Thursday, January 1, 2054

New Year's Day.

Christmas came and went—not a lot of fun because we have mock exams in a week, and I spent a lot of time revising. I really can't get on with maths, at least, not the stuff they're giving us to do now. I was okay with algebra, and trigonometry, but we're moving off into calculus and stuff that I can't see the point of. I mean, measuring the gradient of a line—why is that so important?

I happened to mention it to John, and he tried to explain, but it didn't help.

“You should talk to Kieran,” he suggested.

I didn't realize, but Kieran's an absolute whiz at maths. A dead cert for Cambridge already, apparently. But I don't think I'll call him. He's nice enough, but I wouldn't want to be calling him, in case Siân got the wrong idea.

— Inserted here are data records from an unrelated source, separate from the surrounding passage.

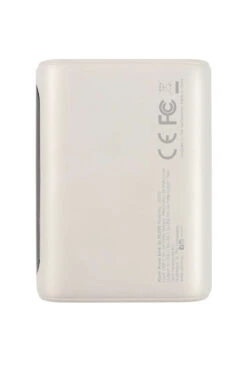 Powerbank Go - 10000 MAh -Xtorm Geschäft XG1020 2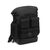 Caturix Decisiun - Notebook carrying backpack - 15.6" | CTRX-02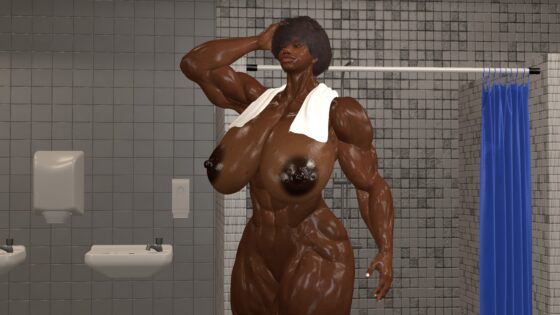 P P G Vol.14 [ティータイム・スティボンズ] | DLsite 同人 - R18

It's amazing how little you can know about someone—I mean it was months before I found out that Kieran was Kieran Roberts. I knew his favorite drummers, of course, and he'd introduced me to some great bands from the past. I knew that when he got absorbed in music, his stammer faded. But the maths was a revelation, and I wondered how somebody so academically brilliant had ended up pairing off with someone like Siân.

Don't get me wrong—Siân is my best friend, leaving aside John—but she is not academic. I've got to know Siân really well, and she has some good people skills and fantastic intuition. But nothing that you could capture in an exam.

Anyway, maths is a bit of a problem, and the sciences, too. But my languages are okay—I've stuck with Latin and French—and I love English, history, and ethics. My IT skills aren't bad, either, with the stimulus of needing to tread the TeraNet without leaving a trail, and having John to teach me.

The band's gone into hibernation, a bit, which is a shame, but we've not found anywhere to practice, courtesy of Ted's whispering campaign. There's only so far you can go rehearsing over the TeraNet. That's the latency problem that John talks about. I start to understand it better now. It's to do with the speed of light, which you'd think would be fast enough, but apparently in music and video there's a lot of bits of information that have to go from A to B and back to A again really quickly. And there are all sorts of conversions and bufferings that have to take place along the way, and it's there that the speed of light really hurts you, because the speed of light affects how quickly you can switch the bits onto the right path. You can make the switches smaller, which makes them faster and lower power, but, as you go smaller, quantum effects start to interfere. Anyway, Mister Zog, you probably know all that stuff because you're a star traveler, and your physicists have found some sort of back door around light speed and quantum effects, and you're probably laughing at us poor earthlings. Gently, I hope.

How did I get there?

So no band, and loads of revision. I've not seen a lot of Siân as a result—and it doesn't help that there's a break in the rehearsals for
Merchant,
until after the exams. Somewhere in all the busyness of the autumn term we marked the first anniversary of Mum's death, which was very painful, and Christmas itself, which wasn't too bad, as it was our second Christmas without Mum.